I had to use Java for a couple of things during my Master Thesis and I found out a very nice API that Swift does not provide yet which is parallelStream().
Now, for those of you who are not familiar with higher order functions in Java, basically if you need to map or filter a sequence, you first have to invoke .stream() on the sequence itself. The cool part is that if you invoke .parallelStream(), your sequence gets automatically divided into chunks and the whole execution gets parallelized on all the core of your machine.
I wanted to replicate this in Swift and so I studied the implementation of LazySequence and LazyCollection to have a starting point to work on.
I came up with this draft that is highly inspired by the implementation of Lazy which, for now, supports map and filter: https://github.com/Buratti/Parallel
Please note that I posted this code just to let you see what the main idea is, as there are a couple of problems with the current implementation that I will discuss later.
The usage is exactly the same as lazy:
let someCollection = 0..<30_000_000
let douples = someCollection.parallel.map { $0 * 2 }
print(doubles[1]) // 2
The above code will split the Range<Int> in n parts, apply the transform function on each of the n parts on a different thread in parallel and then flatten the result in a new ParallelCollection.
Current problems:
-
Since my current implementation is just a draft, I used Foundation.Thread but if we wanted to add parallel in the Standard Library we would need to work with pthreads and, as far as I know, it is not possible to use them to execute code that at a certain point will need to work with generic types.
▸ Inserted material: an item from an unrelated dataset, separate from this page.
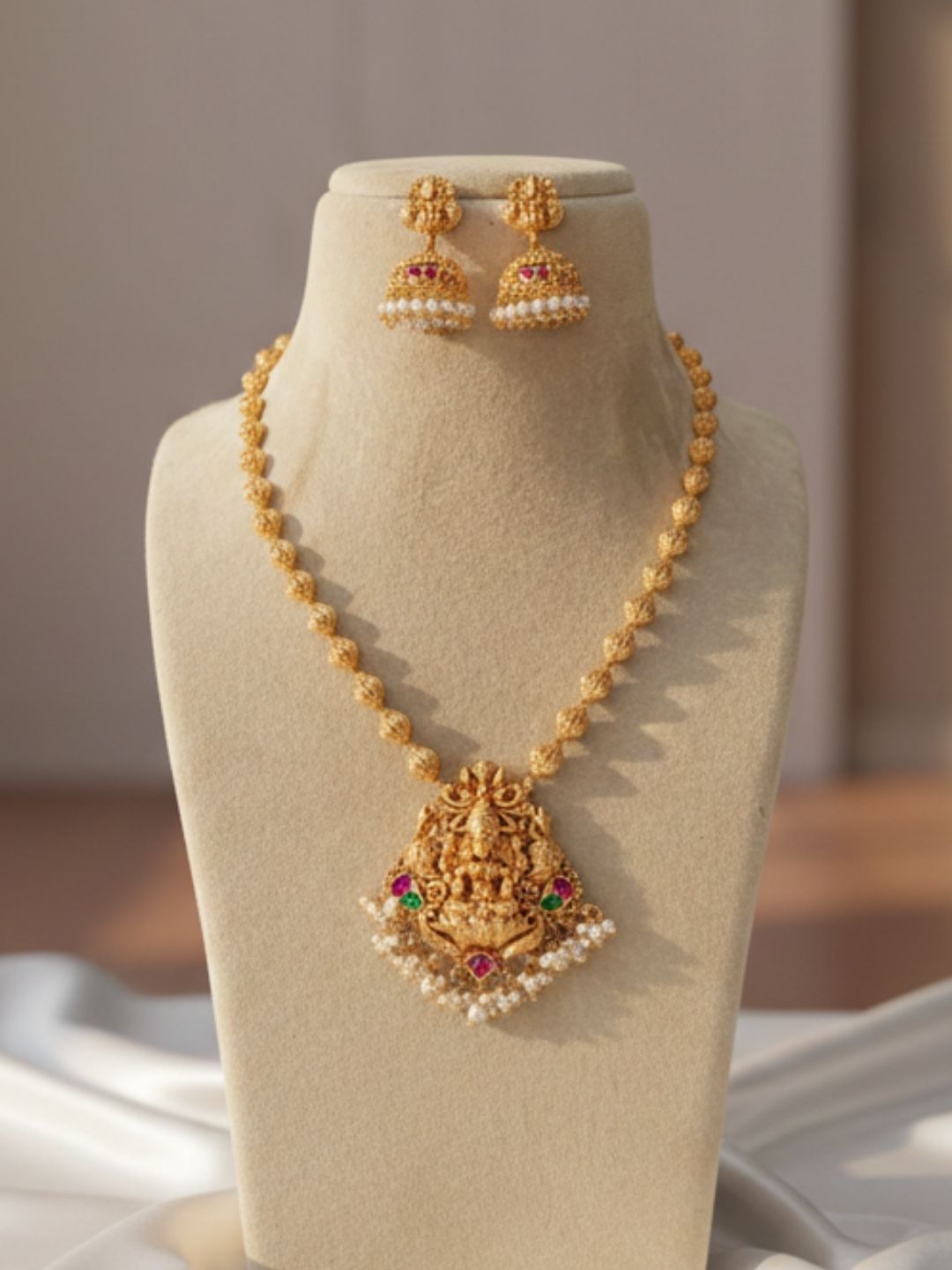 KALYANI ANTIQUE JEWELLERY SET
I also tried to use SwiftPrivateThreadExtras with no luck.
-
As far as I know, neither Foundation.Thread nor DispatchQueues allow to rethrow errors.
-
There might be confusion on the combination of Parallel and Lazy and their behaviour should be deeply analyzed in order to decide what happens in cases like myArray.lazy.parallel.map, myArray.parallel.lazy.map or myArray.parallel.lazy.parallel.lazy.map.
-
It would be up to the user to synchronize the access to shared states inside of the given closure, so for example code like the following
var globalState: MutatingState = ...
var result = someCollection.parallel.map { val in
globalState.change()
return val.someOperation()
}
would need to be written as
var globalState: MutatingState = ...
let synchronized = Synchronized()
var result = someCollection.parallel.map { val in
synchronized {
globalState.change()
}
return val.someOperation()
}
(Out of topic: you can find my example of Synchronized here.
Conclusion
As @hartbit suggested to me, this idea might make more sense to implement once we have first-level concurrency features in the language, but I'd still like to discuss it in the community and hear your opinion about it.